Myers, too, sees many examples of ways his books make young people think. Although he wrote Fallen Angels nearly 20 years ago, young people still write to him telling him that the book has changed their mind about war. “Boys like stories about war,” Myers says, “but because I brought a realistic point of view about war, they began to change their thinking.”

Drawing readers to books

“One of the things that brings young people to books is seeing something they recognize in their own lives, ” says Myers. “If there is nothing in the books they read that reflects their lives, they see reading only as an opportunity to fail. I feel that I have a kinship with many teenagers and young people that I write about, and I try to reflect that in my books.”

We are making some progress in providing literature that is more reflective of cultural diversity, but we still have far to go, Myers adds. He would like to see more young African American authors emerge. “I have only one point of view, ” he says. “There should be lots of books about the African American experience. ”

Tatum says teachers and parents need to find texts that speak to teenage African American males. He identifies five key backdrops that draw readers to books: (1) personal; (2) economic; (3) social, culture, or gender; (4) community; and (5) national.

Tatum adds that the right books can help readers develop a positive psyche, provide modern-day awareness of the real world, and offer a road map in terms of who the young readers are and what they can become. “Texts for African American males have to become enabling, ” he says. “Enabling texts allow the reader to think, be, or do differently as a result of what they read. ”

Beyond test scores

We need to move beyond “a focus on test scores,” Tatum adds. “That focus is handicapping what is happening with African American males.” Teachers have to move beyond test-driven curriculum.

The focus on No Child Left Behind and closing the achievement gap only draws attention to the vital signs of reading. “We have to begin to recognize the vital signs of readers as well,” Tatum says, “which involves paying attention to out-of-school experiences as well. NCLB is ‘a necessary minimum.’”

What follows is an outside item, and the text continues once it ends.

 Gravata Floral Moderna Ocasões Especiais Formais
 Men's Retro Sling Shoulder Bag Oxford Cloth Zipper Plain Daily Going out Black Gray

“For years we just ignored the results of bad education,” Myers says. “The idea of testing does bring the problem to our attention.” That said, reading needs to be much more.

“The ultimate goal is to score with reading,” Tatum says. “We read for wider purposes than test scores. We put so much effort on reading scores that we fail to score with reading.”

There is little research about African American boys and books, Tatum says, and many of the studies that are done reflect a deficit perspective. “We need qualitative studies that invite the voices of these young people,” he says, as well as quantitative research showing that using certain models of introducing text affects African American males in a variety of communities.

Finding an entry point

“What we’re really trying to do is find an entry point for any adolescents who are not reading or engaging with texts,” Tatum says. “If we fail to address the literacy needs of these young men, we will have more destabilized communities and a weakening of democracy because of lack of participation of this segment of society.”

There are too many examples of urban communities being destabilized, Tatum says. There are too many young men “searching for dreams in an abyss of poverty.” We need to go beyond skills and strategies, he concludes. We need to empower these young men.

Myers recalls that as he was growing up, he rarely saw books that reflected his life. “I did not understand that I was forming bad images of myself because I did not see myself in books,” he says. “Books transmit values. Schools transmit values.”


Scoring with reading. (October 2007). Reading Today, 25(2), 40.